Article
Understanding who qualifies as an investment fiduciary under the Employee Retirement Income Security Act (ERISA) is critically important. This article examines the longstanding “five-part test” for investment advice fiduciaries and clarifies its application to employees of plan sponsors who serve in retirement plan management roles.
What Is the Five-Part Test?
The U.S. Department of Labor established the five-part test in 1975 to determine who qualifies as an investment advice fiduciary under ERISA. According to this test, a person is considered an investment advice fiduciary if they:
- Render advice about securities or other property values, or make recommendations about investing in, purchasing, or selling securities or other property
- Provide this advice on a regular basis
- Do so pursuant to a mutual understanding
- With the understanding that such advice will serve as a primary basis for investment decisions
- And the advice is individualized to the specific needs of the plan
This test has been historically significant because all five parts must be satisfied for someone to be classified as a fiduciary.
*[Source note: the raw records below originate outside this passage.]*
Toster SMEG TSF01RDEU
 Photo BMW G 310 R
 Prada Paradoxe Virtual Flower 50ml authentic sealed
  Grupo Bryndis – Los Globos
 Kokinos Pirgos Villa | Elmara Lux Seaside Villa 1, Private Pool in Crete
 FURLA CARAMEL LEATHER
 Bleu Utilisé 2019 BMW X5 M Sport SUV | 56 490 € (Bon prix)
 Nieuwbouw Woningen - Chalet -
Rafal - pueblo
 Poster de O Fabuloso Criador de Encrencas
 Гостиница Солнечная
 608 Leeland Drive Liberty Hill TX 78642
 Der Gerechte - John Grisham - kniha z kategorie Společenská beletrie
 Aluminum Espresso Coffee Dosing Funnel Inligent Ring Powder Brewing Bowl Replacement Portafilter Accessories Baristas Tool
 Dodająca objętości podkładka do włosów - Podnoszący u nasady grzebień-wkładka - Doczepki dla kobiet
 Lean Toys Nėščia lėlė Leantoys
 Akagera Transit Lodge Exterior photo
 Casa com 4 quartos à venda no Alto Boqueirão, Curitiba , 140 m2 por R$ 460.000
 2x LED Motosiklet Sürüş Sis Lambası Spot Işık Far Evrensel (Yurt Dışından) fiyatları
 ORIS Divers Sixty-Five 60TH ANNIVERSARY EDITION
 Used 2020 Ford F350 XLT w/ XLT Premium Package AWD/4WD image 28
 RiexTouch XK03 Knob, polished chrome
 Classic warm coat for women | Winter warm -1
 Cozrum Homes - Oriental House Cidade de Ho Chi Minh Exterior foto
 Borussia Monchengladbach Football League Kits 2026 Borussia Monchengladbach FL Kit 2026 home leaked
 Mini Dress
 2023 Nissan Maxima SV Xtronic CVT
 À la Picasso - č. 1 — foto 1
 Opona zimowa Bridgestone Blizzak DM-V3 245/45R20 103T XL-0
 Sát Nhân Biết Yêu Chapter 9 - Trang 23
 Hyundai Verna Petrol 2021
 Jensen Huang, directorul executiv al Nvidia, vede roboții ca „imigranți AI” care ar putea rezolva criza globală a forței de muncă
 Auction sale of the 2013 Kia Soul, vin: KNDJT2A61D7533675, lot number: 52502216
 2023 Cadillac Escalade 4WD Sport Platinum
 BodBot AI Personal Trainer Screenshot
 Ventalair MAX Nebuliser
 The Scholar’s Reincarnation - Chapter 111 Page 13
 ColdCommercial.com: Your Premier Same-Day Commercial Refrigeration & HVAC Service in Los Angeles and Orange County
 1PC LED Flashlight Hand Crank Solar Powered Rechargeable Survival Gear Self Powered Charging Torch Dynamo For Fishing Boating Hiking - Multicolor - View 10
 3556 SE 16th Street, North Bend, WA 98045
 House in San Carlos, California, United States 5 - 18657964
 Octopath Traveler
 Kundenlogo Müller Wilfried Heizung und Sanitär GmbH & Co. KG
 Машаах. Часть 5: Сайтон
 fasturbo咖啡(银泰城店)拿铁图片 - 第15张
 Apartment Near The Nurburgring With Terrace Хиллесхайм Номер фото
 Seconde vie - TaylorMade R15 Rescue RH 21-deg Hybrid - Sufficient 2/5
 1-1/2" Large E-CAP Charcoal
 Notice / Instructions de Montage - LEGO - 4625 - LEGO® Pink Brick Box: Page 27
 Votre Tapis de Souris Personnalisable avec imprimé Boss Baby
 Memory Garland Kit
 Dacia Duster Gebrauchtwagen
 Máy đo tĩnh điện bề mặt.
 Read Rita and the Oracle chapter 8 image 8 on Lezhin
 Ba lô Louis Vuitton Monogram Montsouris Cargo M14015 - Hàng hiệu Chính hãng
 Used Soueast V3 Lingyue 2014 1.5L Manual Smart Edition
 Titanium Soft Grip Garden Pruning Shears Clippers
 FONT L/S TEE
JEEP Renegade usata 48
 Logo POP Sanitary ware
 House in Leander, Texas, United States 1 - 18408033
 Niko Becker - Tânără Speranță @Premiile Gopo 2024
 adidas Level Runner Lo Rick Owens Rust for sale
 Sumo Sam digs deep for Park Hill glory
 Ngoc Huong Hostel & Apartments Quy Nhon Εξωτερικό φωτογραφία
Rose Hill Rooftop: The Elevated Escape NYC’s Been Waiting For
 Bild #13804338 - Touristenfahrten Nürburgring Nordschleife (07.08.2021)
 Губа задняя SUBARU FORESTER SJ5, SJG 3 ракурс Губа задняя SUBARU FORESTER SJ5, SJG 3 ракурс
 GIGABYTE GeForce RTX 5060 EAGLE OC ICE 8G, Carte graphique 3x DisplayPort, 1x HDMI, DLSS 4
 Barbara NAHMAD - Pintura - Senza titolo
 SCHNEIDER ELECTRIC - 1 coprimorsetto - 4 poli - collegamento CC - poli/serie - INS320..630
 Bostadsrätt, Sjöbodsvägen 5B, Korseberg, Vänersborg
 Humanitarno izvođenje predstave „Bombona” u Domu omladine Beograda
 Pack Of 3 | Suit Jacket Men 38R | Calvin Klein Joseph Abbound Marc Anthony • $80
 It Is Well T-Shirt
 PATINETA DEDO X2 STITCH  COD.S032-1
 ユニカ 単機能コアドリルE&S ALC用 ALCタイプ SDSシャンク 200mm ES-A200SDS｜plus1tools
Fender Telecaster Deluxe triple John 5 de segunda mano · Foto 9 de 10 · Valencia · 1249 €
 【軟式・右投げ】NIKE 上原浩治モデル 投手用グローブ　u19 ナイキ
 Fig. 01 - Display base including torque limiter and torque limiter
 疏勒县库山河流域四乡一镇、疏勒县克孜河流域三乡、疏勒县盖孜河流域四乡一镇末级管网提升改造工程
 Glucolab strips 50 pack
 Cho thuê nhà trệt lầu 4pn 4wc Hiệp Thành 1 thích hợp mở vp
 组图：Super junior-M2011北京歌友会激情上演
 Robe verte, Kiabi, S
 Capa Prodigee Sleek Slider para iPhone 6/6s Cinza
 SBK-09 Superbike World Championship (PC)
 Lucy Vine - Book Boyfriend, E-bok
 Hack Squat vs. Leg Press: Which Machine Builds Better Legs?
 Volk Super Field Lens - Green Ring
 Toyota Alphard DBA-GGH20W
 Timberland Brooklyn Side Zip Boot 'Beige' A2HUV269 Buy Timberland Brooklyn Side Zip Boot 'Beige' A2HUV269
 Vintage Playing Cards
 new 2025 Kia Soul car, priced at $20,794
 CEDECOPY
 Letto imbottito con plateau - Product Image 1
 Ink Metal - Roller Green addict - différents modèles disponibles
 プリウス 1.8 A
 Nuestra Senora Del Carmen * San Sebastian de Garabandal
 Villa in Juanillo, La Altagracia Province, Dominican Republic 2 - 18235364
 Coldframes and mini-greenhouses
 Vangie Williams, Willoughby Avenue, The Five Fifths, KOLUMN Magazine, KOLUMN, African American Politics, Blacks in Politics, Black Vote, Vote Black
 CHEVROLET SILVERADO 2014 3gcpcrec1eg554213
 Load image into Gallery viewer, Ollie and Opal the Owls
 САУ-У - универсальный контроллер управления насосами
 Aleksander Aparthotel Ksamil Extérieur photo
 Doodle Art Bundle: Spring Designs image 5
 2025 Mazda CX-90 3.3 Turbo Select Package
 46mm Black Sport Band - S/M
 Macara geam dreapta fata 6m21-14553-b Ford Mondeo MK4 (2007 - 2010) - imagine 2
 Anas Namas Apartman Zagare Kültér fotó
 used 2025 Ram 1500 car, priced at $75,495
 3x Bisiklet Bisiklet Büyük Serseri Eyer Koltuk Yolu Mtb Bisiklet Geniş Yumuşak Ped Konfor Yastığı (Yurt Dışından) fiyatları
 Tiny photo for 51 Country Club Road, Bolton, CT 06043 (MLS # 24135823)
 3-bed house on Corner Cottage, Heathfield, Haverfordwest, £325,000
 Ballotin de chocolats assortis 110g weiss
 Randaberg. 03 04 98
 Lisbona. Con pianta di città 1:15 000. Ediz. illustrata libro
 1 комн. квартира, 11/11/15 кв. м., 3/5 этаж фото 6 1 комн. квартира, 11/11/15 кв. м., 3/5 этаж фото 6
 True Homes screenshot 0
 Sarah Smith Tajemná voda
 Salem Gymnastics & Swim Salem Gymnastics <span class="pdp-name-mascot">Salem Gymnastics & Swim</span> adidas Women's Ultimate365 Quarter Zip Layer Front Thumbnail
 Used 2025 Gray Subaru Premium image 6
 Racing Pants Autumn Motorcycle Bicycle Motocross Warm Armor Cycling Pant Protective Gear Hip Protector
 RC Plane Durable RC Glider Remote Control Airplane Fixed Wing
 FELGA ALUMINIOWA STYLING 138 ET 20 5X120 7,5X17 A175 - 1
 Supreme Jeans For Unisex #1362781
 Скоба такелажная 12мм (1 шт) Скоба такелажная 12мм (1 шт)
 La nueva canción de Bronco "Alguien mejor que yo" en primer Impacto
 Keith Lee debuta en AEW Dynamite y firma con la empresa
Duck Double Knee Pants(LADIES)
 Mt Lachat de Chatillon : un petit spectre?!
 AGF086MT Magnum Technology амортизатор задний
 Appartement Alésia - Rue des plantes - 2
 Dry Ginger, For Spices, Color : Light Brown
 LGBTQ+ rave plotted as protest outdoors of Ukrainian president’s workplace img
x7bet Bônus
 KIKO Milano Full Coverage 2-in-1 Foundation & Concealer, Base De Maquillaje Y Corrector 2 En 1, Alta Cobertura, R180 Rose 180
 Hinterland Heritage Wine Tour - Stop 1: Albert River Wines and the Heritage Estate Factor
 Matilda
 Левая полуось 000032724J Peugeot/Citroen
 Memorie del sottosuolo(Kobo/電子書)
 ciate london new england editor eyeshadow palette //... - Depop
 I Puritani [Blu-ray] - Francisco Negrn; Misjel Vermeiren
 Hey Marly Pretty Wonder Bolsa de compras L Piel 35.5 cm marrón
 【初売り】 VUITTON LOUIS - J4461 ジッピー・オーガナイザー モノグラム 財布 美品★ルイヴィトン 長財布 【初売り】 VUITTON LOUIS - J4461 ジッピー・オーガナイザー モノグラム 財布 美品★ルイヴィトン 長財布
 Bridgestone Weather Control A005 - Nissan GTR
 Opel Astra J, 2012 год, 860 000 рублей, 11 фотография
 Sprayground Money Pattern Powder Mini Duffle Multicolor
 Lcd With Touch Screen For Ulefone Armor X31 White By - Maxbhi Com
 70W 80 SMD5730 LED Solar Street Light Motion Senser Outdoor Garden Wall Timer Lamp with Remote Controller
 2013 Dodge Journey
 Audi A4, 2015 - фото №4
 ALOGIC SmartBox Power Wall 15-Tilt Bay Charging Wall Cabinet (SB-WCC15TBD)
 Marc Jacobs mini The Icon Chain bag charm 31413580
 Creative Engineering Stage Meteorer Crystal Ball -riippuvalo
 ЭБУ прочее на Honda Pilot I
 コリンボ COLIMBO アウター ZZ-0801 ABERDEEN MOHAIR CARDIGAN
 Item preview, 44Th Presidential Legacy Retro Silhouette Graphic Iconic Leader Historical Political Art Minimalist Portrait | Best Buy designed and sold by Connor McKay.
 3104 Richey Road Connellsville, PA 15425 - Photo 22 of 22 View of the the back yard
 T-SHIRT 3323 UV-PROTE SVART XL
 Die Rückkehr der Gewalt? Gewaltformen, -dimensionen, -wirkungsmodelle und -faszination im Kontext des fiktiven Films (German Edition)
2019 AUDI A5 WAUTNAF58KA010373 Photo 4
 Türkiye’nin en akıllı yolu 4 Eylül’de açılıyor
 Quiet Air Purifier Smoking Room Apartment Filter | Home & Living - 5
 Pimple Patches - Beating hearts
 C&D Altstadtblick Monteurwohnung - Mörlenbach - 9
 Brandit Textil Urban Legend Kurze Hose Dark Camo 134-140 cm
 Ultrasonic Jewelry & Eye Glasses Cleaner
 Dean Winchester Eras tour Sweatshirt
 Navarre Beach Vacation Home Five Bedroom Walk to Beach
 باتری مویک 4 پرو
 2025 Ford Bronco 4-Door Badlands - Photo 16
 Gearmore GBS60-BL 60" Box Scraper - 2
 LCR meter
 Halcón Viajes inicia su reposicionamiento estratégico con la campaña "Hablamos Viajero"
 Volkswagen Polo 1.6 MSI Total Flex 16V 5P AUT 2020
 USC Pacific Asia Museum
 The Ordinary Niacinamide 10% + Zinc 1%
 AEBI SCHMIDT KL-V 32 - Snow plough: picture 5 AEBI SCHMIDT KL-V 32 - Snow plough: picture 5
This allowed many financial advisors to structure their services to avoid fiduciary classification and the accompanying responsibilities.
Plan Sponsor Employees: Are They Investment Advice Fiduciaries?
Employees of the plan sponsor who serve on retirement committees or make plan decisions are generally not considered investment advice fiduciaries under the five-part test. Here’s why:
Different Fiduciary Capacities
There are multiple ways to become a fiduciary under ERISA. Most employees of plan sponsors who serve on retirement committees are functional fiduciaries under ERISA section 3(21)(A)(i) or (iii) because they exercise discretionary authority over plan management or administration—not because they render investment advice for a fee.
The “Fee” Requirement
To be an investment advice fiduciary under the five-part test, a person must render investment advice “for a fee or other compensation.” Employees who provide advice as part of their normal job duties typically don’t receive separate compensation specifically for that advice—their regular salary covers all their job functions.
Regular Basis Requirement
For employees who only occasionally make investment-related recommendations or who only participate in periodic committee meetings, the “regular basis” prong of the test may not be satisfied.
Mutual Understanding Prong
In an employer-employee relationship where the employee is acting in their capacity as a plan committee member or administrator, there typically isn’t a “mutual understanding” that their statements constitute professional investment advice that serves as a primary basis for investment decisions.
Important Exceptions and Considerations
While most plan sponsor employees aren’t investment advice fiduciaries, there are exceptions:
- If an employee has professional investment credentials, regularly provides individualized investment recommendations outside their normal administrative duties, and receives special compensation for this service, they could potentially meet the five-part test.
- Employees may still be fiduciaries under other provisions of ERISA if they exercise discretionary authority over plan management, administration, or assets.
Recent Regulatory Developments
The Department of Labor’s 2024 Fiduciary Rule attempted to replace the five-part test with a broader three-part definition that eliminated the “regular basis” and “primary basis” requirements. This would have significantly expanded who qualifies as a fiduciary. However, federal district courts issued nationwide injunctions blocking the rule’s implementation, effectively halting its enforcement.
The government initially appealed these rulings, but under the new administration, the Department of Labor has requested multiple extensions in the appeals process through October 2025 to reconsider its approach.
Conclusion
Understanding fiduciary status is crucial for plan sponsor employees who serve on retirement committees or make decisions affecting retirement plans. While most employees acting within their normal job responsibilities won’t be classified as investment advice fiduciaries under the five-part test, they may still be fiduciaries under other ERISA provisions.
As the regulatory landscape continues to evolve, plan sponsors should work closely with ERISA counsel to ensure they understand their fiduciary responsibilities and implement proper governance procedures to mitigate risk and ensure compliance.